### What this task involves:
Please output exactly the lines below, starting at the line that has "Natural Tiger Eye" and ending at the line that has "Short Sleeve Shirts", both included; leave out all pictures and include nothing else.

### Extracted entries:
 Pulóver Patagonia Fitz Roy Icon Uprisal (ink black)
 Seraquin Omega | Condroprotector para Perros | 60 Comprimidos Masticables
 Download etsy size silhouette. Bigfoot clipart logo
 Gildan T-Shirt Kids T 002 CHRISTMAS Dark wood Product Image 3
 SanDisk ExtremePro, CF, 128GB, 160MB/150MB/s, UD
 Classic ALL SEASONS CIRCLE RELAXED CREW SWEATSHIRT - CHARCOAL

* * *

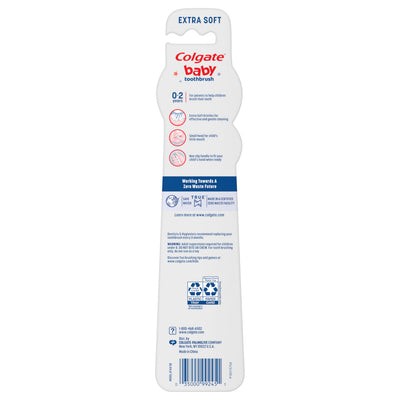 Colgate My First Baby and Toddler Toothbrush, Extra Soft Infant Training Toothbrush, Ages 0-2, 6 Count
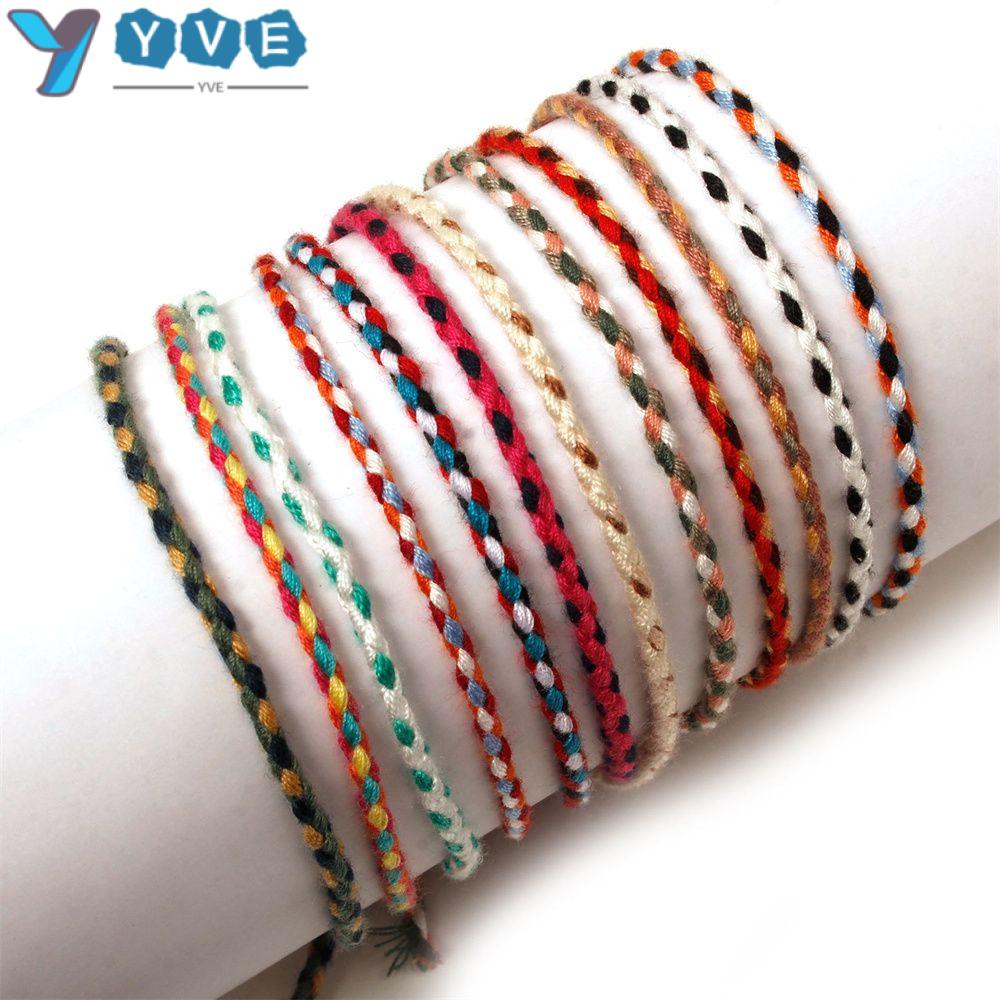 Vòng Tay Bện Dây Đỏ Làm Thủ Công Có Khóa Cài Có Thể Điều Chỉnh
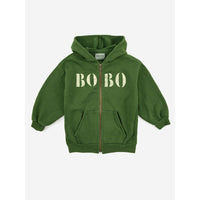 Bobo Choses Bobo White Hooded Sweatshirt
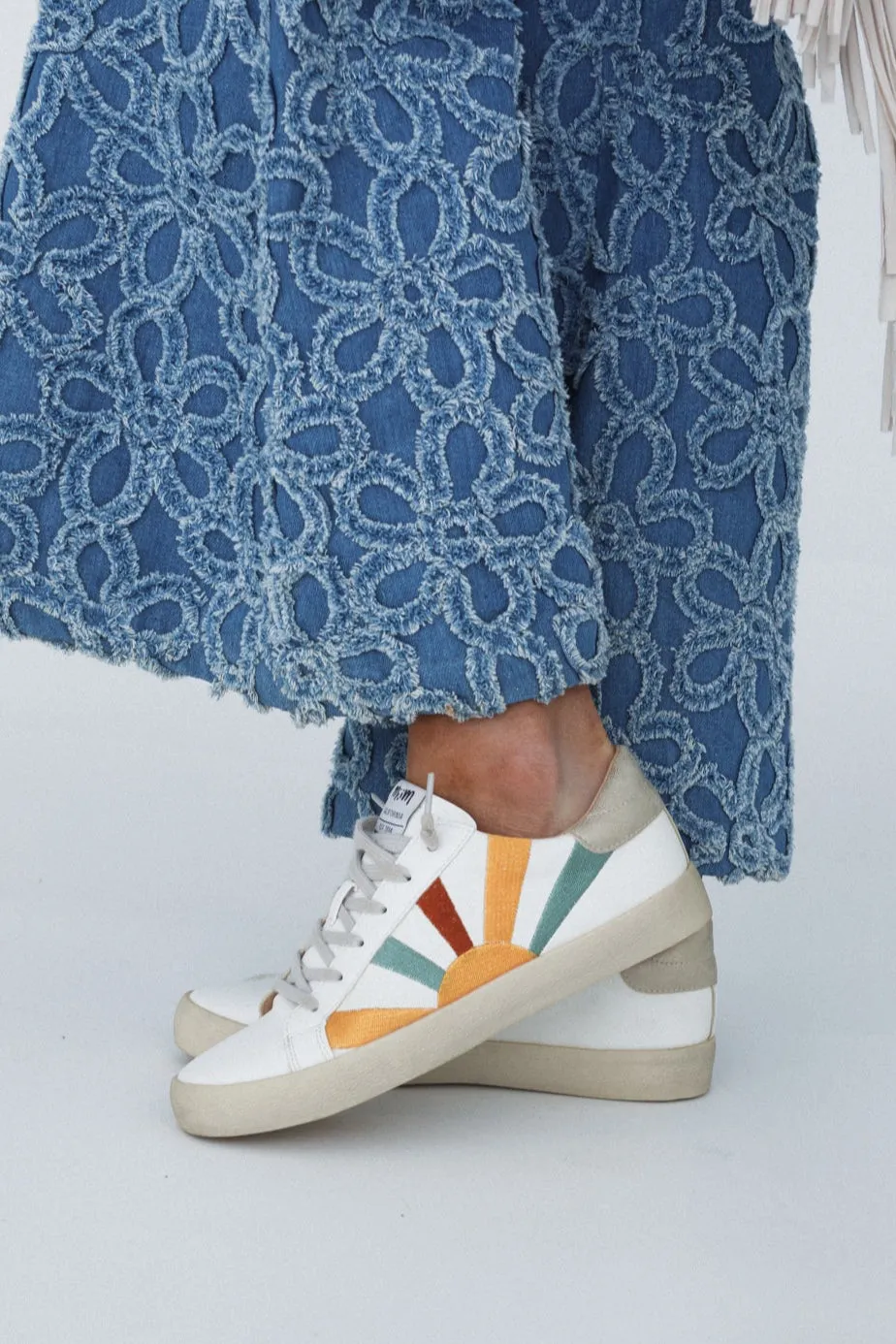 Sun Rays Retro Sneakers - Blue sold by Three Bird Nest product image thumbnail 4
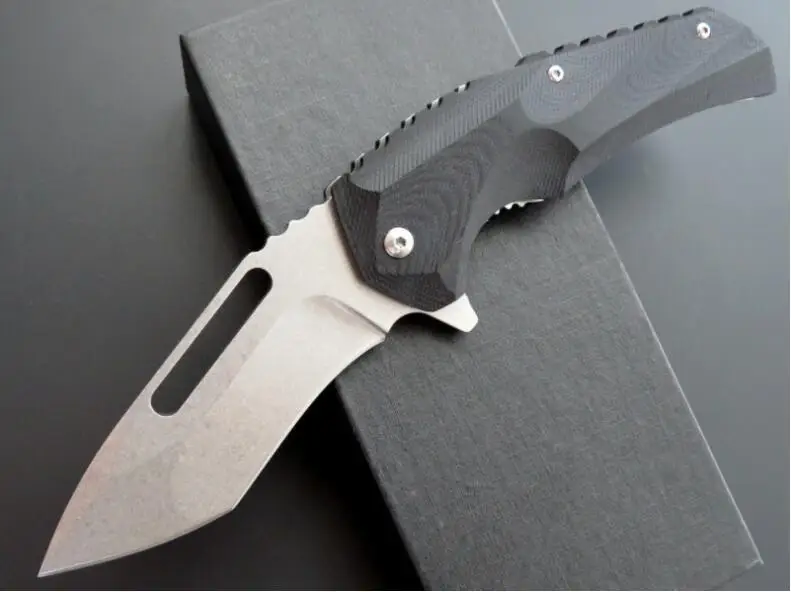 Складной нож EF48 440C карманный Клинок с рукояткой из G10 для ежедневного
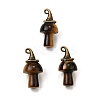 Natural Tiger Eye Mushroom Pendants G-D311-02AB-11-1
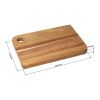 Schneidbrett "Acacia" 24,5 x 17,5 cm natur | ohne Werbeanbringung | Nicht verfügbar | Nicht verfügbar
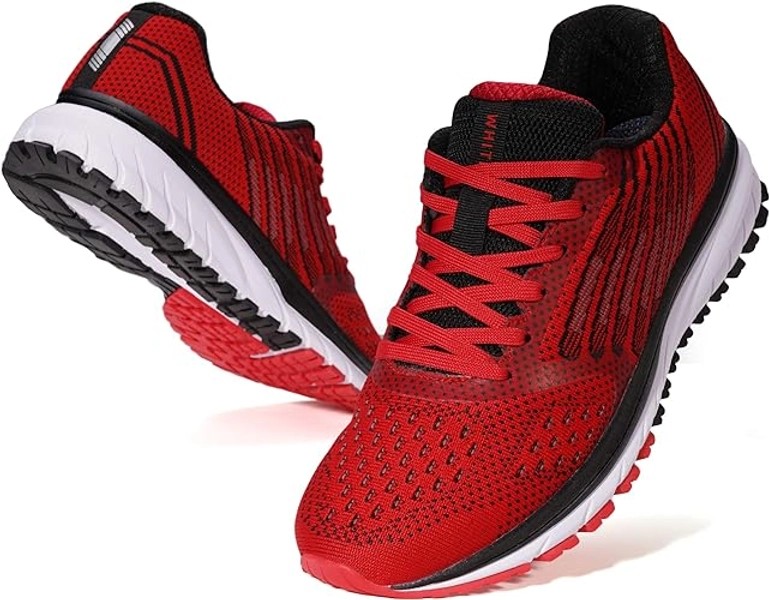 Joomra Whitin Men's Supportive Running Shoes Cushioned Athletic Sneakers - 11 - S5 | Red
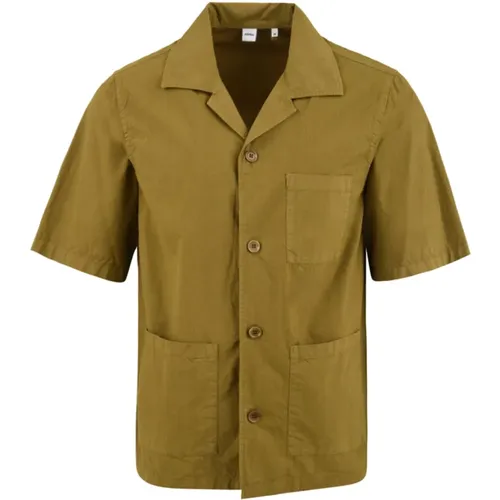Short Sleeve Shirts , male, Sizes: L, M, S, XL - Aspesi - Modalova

...

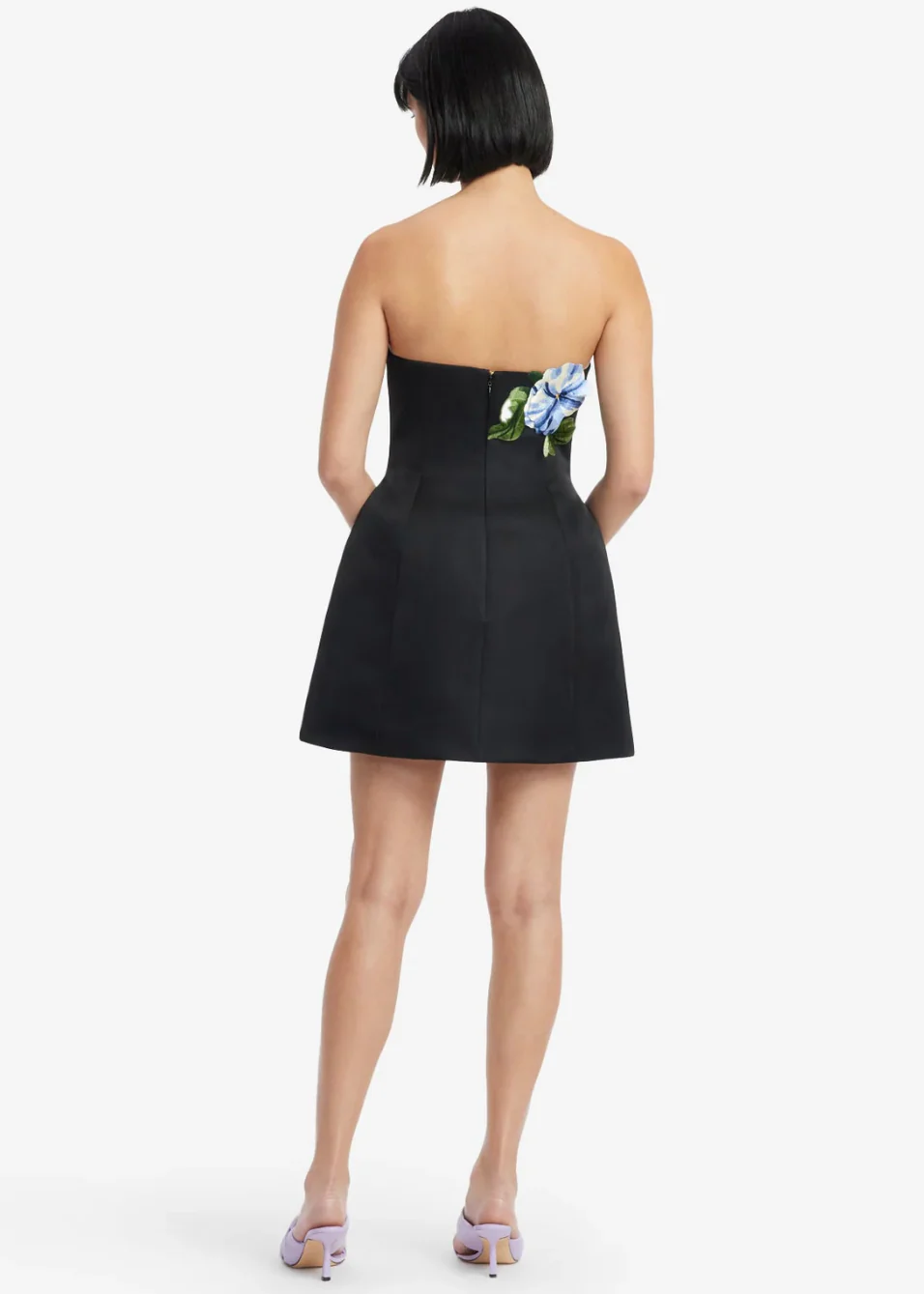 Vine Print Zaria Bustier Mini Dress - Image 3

### Answer box:
 Natural Tiger Eye Mushroom Pendants G-D311-02AB-11-1
 Schneidbrett "Acacia" 24,5 x 17,5 cm natur | ohne Werbeanbringung | Nicht verfügbar | Nicht verfügbar
 Joomra Whitin Men's Supportive Running Shoes Cushioned Athletic Sneakers - 11 - S5 | Red
Short Sleeve Shirts , male, Sizes: L, M, S, XL - Aspesi - Modalova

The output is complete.